When I made it, I was so enthusiastic that I bet my neigbours thought something far more interesting was goign on. I used 70% cocoa Lindt chocolate, a little less sugar than was indicated and...well, the rest is just drooling. I literally don´t know what to tell you , other than, make this out of earshot of anyone who might be offended by high pitched moaning.

Home made Nutella


If you own a Thermomix, go here. If not:

100 gr chocolate
100 gr milk
100 gr icing sugar( I used 90 grams)
100 gr ground hazelnuts
(they must be really ground, not pasty-buttery. If your processor can´t handle that, buy them ready ground)
70 gr. butter

Mix the icing sugar and the hazelnut meal. In a bain marie, melt the chocolate and the butter, add the sugar and hazelnuts, and when it´s folded in, add the milk and stir until it´s a gorgeous dark brown sauce. It will harden to spreading consistency as it cools. Keep it in the fridge.
If you can.

30.11.06

Diet is a four letter word


Since a sizeable proportion of the world as I know it is about to embark on a crazy eating binge any minute, I want to get this off my chest now:

I don´t care if you´re on a diet.
I don´t care if you mean to go on a diet soon.
I´m not interested in the latest wonder-diet your cousin has told you about.
I don´t care if your zip doesn´t do up.

So you feel guilty about eating. SO WHAT?

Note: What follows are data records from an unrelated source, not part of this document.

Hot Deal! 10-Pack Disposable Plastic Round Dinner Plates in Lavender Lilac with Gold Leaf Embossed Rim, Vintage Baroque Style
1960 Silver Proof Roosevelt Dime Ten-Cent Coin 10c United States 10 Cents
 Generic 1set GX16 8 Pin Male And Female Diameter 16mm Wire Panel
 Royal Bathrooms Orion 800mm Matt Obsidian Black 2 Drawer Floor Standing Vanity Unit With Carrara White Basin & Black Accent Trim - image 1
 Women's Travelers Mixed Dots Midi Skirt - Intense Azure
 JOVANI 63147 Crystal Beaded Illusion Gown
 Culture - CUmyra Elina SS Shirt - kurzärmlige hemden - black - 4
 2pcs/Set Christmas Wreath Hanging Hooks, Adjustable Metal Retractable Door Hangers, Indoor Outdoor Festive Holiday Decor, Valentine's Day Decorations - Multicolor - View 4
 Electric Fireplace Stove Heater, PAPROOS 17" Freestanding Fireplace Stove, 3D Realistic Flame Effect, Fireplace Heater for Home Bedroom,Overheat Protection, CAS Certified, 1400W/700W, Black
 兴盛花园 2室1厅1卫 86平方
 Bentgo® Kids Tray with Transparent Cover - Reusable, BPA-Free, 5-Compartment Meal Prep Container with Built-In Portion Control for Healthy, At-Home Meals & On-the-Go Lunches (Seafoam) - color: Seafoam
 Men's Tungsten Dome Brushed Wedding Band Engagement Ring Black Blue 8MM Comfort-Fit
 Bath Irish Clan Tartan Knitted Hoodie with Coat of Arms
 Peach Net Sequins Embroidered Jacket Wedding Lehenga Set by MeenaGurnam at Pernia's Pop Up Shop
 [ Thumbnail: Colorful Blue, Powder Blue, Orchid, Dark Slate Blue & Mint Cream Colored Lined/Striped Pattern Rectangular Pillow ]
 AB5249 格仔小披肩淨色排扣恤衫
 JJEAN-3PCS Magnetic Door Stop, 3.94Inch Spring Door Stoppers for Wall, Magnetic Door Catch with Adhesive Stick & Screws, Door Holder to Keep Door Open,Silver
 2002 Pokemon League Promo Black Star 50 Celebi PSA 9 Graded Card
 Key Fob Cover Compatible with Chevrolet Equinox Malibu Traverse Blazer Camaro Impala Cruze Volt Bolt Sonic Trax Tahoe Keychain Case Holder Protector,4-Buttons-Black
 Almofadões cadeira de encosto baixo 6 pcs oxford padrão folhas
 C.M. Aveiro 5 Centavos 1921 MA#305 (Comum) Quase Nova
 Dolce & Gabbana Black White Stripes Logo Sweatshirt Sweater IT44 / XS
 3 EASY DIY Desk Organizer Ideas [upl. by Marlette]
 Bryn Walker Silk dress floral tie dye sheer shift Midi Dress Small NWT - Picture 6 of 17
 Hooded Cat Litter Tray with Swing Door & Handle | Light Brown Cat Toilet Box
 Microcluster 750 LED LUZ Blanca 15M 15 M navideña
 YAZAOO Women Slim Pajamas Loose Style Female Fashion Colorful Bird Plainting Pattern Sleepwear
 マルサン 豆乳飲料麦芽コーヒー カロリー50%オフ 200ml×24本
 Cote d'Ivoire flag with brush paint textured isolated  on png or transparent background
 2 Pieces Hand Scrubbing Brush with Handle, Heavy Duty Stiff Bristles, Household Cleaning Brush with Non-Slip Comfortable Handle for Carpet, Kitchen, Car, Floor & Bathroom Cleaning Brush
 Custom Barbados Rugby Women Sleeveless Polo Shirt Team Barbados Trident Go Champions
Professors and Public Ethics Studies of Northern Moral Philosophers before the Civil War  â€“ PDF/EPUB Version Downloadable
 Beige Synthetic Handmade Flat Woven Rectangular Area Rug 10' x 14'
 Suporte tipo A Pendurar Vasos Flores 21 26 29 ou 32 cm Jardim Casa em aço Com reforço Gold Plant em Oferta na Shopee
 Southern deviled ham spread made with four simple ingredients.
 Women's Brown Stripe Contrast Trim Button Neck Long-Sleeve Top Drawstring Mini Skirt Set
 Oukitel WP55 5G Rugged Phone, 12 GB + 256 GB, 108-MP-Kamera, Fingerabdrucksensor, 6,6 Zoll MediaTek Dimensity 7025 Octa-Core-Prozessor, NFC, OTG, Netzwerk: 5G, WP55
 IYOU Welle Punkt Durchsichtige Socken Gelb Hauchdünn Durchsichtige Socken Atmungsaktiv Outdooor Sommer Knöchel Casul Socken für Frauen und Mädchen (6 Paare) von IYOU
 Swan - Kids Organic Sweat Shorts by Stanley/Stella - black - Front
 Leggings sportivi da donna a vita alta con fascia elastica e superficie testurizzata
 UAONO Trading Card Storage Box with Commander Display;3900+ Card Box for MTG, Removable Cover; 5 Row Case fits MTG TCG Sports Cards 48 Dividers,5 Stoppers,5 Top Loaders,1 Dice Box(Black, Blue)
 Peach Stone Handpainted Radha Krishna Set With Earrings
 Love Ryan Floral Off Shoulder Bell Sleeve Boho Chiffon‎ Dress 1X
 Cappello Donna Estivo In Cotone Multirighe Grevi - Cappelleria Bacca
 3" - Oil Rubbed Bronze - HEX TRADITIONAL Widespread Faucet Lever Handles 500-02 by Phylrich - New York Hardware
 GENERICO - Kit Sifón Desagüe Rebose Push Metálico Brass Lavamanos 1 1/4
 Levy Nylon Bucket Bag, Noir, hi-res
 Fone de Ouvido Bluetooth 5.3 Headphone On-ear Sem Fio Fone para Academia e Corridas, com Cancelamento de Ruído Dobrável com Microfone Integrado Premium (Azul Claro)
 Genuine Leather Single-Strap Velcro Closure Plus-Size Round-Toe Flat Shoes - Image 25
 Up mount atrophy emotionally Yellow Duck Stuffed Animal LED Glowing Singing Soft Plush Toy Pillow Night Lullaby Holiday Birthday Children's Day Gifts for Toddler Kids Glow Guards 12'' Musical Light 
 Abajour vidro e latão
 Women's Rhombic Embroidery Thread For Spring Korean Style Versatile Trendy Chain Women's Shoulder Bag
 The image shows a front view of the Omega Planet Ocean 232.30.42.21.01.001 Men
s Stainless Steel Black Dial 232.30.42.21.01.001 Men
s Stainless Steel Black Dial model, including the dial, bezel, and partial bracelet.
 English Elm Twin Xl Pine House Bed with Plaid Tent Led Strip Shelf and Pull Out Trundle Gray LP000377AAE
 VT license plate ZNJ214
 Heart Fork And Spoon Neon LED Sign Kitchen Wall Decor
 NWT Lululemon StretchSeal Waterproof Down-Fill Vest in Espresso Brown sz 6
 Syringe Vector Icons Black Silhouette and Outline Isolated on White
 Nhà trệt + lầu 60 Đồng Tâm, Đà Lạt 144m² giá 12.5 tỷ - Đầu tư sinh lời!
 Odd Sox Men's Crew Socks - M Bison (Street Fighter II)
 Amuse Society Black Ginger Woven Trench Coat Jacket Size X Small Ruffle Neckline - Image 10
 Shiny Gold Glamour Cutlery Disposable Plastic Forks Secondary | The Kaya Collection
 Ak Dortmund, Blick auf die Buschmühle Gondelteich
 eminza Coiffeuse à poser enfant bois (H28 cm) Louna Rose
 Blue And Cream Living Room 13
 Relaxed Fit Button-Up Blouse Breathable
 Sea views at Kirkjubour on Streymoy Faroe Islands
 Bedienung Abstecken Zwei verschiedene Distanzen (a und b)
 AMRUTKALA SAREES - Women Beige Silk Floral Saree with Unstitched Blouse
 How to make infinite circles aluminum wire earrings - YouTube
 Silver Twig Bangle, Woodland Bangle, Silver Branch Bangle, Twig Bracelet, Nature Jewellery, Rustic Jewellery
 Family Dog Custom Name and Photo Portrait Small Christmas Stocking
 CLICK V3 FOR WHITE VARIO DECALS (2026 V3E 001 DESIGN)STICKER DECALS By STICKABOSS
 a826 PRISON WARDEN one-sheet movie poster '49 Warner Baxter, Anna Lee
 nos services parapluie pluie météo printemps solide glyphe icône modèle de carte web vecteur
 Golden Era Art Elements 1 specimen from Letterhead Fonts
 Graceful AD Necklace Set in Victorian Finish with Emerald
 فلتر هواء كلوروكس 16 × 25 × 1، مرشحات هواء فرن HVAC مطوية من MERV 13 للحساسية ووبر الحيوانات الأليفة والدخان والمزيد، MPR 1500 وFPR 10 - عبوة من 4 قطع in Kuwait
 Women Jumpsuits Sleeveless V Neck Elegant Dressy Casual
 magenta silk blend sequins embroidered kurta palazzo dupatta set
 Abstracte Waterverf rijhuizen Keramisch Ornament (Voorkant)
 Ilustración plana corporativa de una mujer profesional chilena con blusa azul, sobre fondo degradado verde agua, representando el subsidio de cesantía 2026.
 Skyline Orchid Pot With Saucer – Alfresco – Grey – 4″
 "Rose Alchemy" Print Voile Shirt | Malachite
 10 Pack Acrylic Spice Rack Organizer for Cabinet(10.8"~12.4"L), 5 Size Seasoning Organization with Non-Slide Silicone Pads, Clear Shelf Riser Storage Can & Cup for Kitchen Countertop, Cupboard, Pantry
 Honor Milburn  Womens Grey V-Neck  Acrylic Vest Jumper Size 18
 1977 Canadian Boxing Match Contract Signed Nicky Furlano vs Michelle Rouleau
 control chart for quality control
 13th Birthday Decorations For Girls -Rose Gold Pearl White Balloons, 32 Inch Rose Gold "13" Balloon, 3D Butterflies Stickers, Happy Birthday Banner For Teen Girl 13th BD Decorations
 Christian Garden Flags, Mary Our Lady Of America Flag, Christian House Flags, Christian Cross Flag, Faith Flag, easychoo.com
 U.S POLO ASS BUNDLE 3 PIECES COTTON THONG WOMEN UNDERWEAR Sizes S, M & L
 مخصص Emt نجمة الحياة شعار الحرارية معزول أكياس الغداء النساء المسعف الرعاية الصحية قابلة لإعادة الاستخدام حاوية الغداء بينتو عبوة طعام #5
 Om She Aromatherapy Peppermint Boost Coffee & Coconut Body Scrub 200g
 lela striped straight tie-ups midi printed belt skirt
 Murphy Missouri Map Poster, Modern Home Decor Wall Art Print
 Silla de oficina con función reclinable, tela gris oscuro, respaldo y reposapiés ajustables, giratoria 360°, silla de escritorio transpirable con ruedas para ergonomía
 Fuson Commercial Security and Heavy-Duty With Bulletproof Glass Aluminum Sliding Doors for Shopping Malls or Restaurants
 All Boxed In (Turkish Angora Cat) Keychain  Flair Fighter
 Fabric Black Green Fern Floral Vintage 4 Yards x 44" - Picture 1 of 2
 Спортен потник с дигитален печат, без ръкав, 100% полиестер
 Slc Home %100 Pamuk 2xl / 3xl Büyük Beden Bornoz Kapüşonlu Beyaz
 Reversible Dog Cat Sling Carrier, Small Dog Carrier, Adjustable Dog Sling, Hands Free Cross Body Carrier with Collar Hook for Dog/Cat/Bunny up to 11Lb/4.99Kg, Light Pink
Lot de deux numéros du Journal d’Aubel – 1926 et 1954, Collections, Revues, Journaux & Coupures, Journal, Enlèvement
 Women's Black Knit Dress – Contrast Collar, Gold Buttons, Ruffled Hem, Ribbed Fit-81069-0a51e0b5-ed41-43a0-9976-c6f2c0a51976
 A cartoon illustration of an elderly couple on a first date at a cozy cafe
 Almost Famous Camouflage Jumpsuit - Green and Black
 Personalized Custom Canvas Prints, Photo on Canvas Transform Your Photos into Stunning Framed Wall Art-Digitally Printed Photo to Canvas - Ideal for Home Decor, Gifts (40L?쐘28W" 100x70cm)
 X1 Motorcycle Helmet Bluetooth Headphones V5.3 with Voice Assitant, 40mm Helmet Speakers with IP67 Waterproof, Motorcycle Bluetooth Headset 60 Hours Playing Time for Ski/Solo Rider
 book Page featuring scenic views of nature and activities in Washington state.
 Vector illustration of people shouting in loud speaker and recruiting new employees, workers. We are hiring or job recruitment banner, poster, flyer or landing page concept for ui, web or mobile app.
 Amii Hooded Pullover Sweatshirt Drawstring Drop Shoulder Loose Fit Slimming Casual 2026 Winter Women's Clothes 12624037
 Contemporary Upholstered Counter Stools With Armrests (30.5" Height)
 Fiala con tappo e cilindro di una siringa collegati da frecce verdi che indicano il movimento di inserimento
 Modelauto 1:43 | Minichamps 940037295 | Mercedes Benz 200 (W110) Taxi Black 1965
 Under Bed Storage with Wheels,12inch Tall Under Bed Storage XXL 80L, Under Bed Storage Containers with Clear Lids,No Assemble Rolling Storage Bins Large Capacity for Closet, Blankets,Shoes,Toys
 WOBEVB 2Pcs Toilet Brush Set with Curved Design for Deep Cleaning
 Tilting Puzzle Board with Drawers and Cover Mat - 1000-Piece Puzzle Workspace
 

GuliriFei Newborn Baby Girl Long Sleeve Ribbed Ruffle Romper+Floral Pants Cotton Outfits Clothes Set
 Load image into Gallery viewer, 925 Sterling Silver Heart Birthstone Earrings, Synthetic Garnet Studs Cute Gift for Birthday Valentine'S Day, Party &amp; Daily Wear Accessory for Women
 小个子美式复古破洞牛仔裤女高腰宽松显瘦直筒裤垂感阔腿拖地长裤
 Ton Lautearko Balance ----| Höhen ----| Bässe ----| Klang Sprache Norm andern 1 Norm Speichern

If you don´t want to eat, fine.
If you want to spend january fasting, fine.
If you want to jump out of a window, go ahead and be my guest.

Just don´t, please, please, moan about the cream and the butter and the chocolate and the almonds, while stuffing your face.

Also, don´t imply I´m stupid by telling me how many calories are in a bite of turrón. I KNOW.

You only make the food turn to ashes in my mouth, and you make me want to drown you in the punch bowl.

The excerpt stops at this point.